(GIVEN DATA):
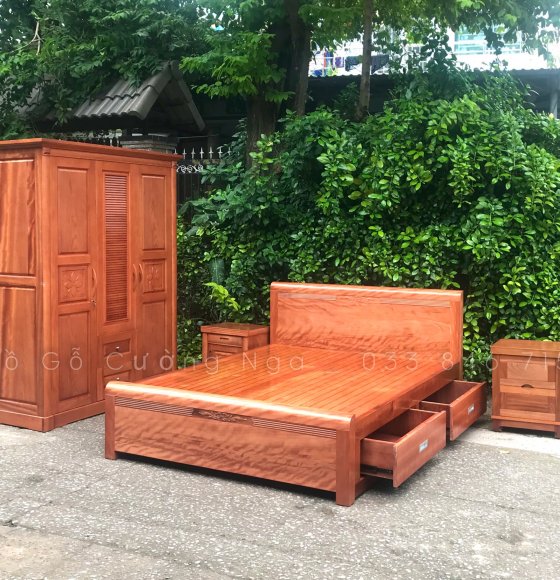 Combo phòng ngủ gỗ xoan đào  XĐ 0.21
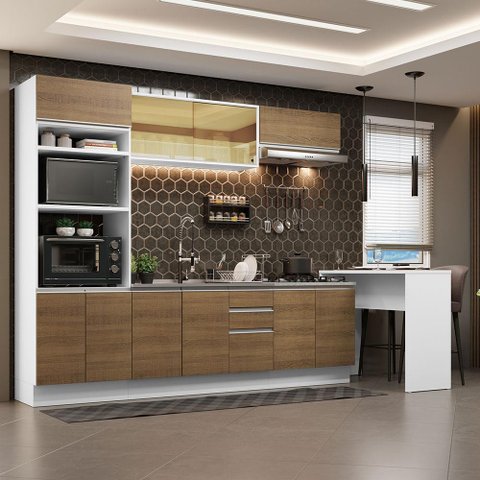 Armário de Cozinha Completa 315cm Branco/Rustic Glamy Madesa 01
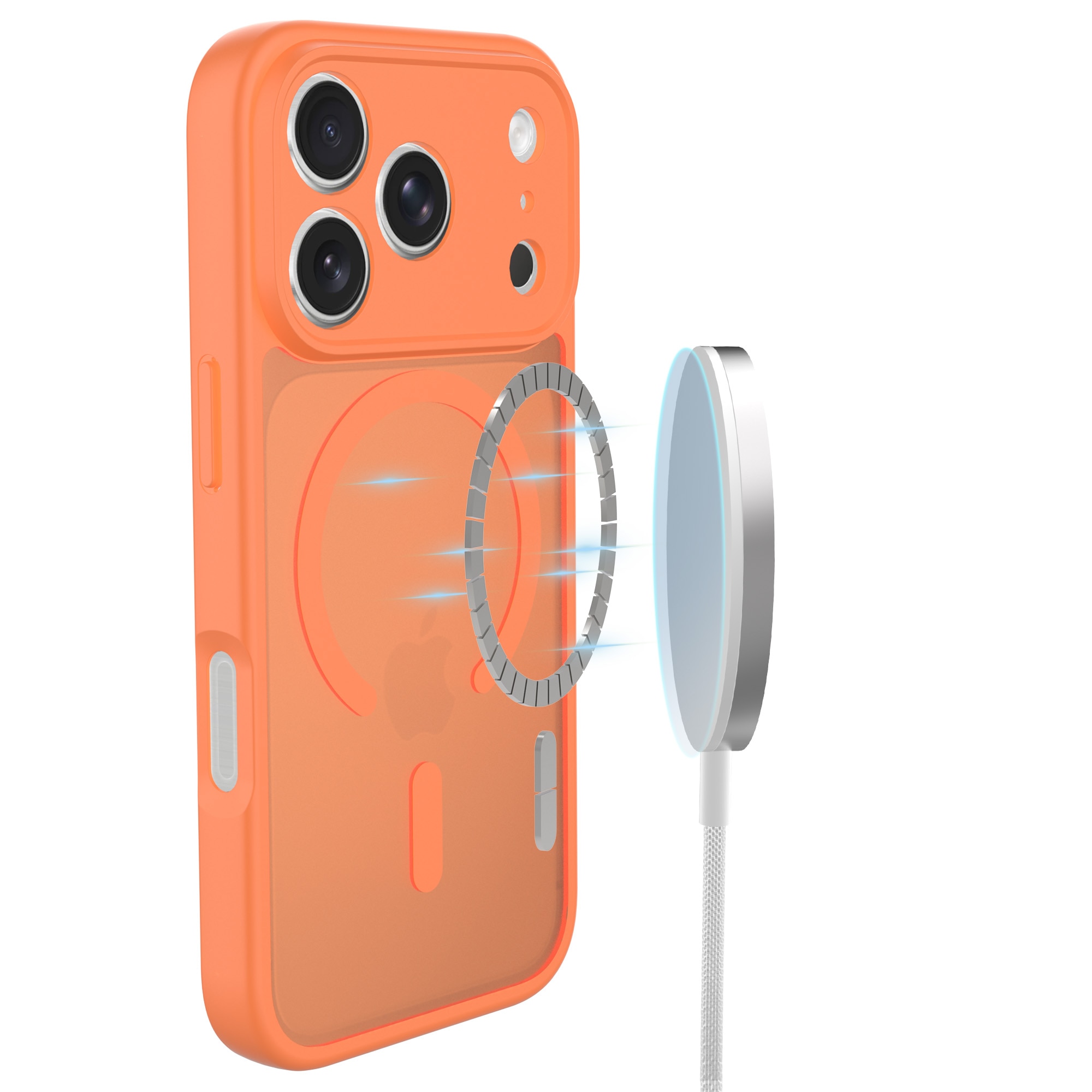 Magnetic Hybrid Kuori iPhone 17 Pro Max Frosted Orange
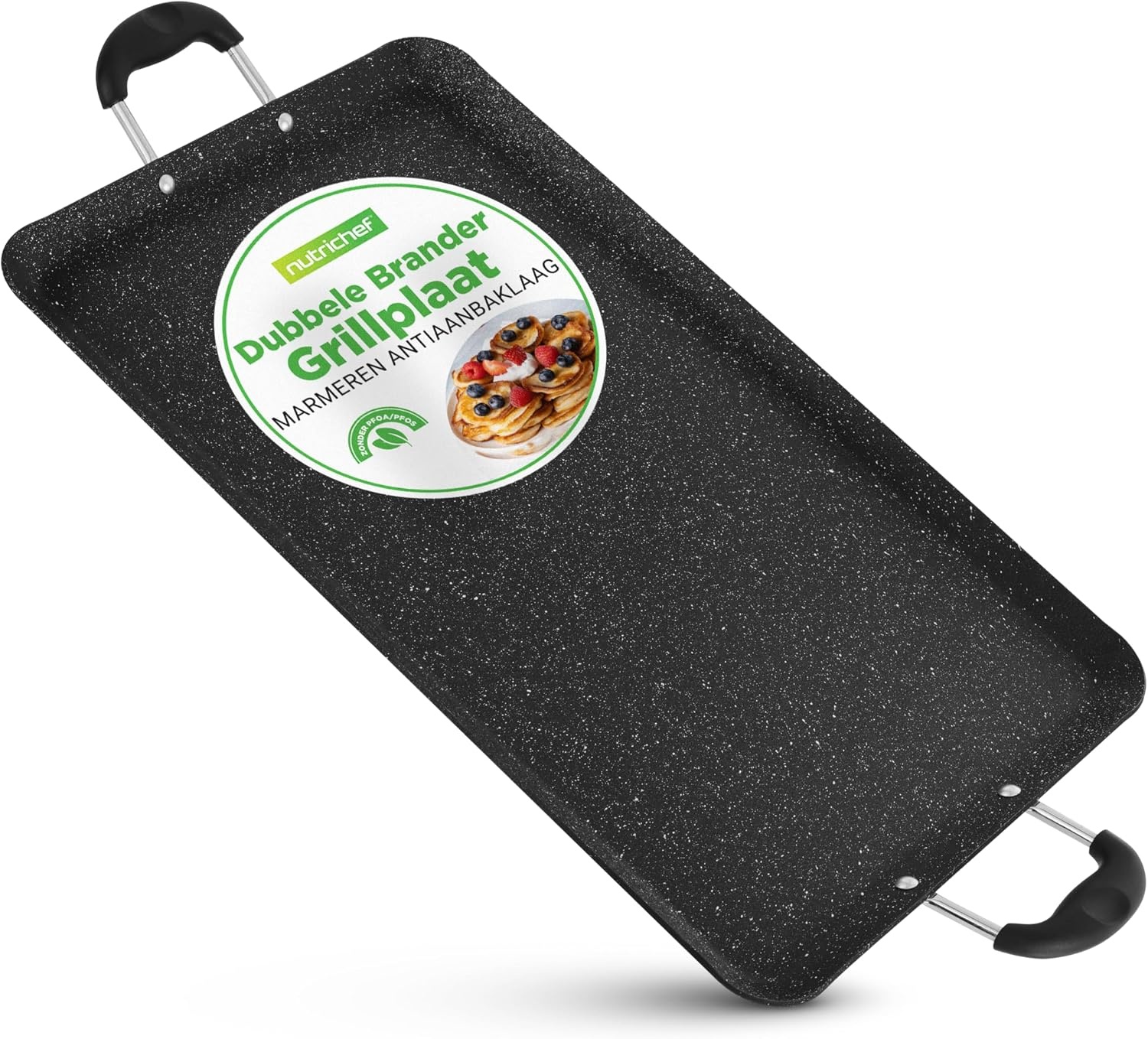 NutriChef Dubbele Branders Griddle – Anti-aanbak Bakplaat voor Gasfornuis, Vaatwasmachinebestendig, Hittebestendige Handgrepen, PFOA-vrij, 51 x 30 cm (Zwart)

(PROBLEM DESCRIPTION):
Every line above is to be written out unchanged, with the pictures omitted.

(RESPONSE BELOW):
 Combo phòng ngủ gỗ xoan đào  XĐ 0.21
 Armário de Cozinha Completa 315cm Branco/Rustic Glamy Madesa 01
 Magnetic Hybrid Kuori iPhone 17 Pro Max Frosted Orange
 NutriChef Dubbele Branders Griddle – Anti-aanbak Bakplaat voor Gasfornuis, Vaatwasmachinebestendig, Hittebestendige Handgrepen, PFOA-vrij, 51 x 30 cm (Zwart)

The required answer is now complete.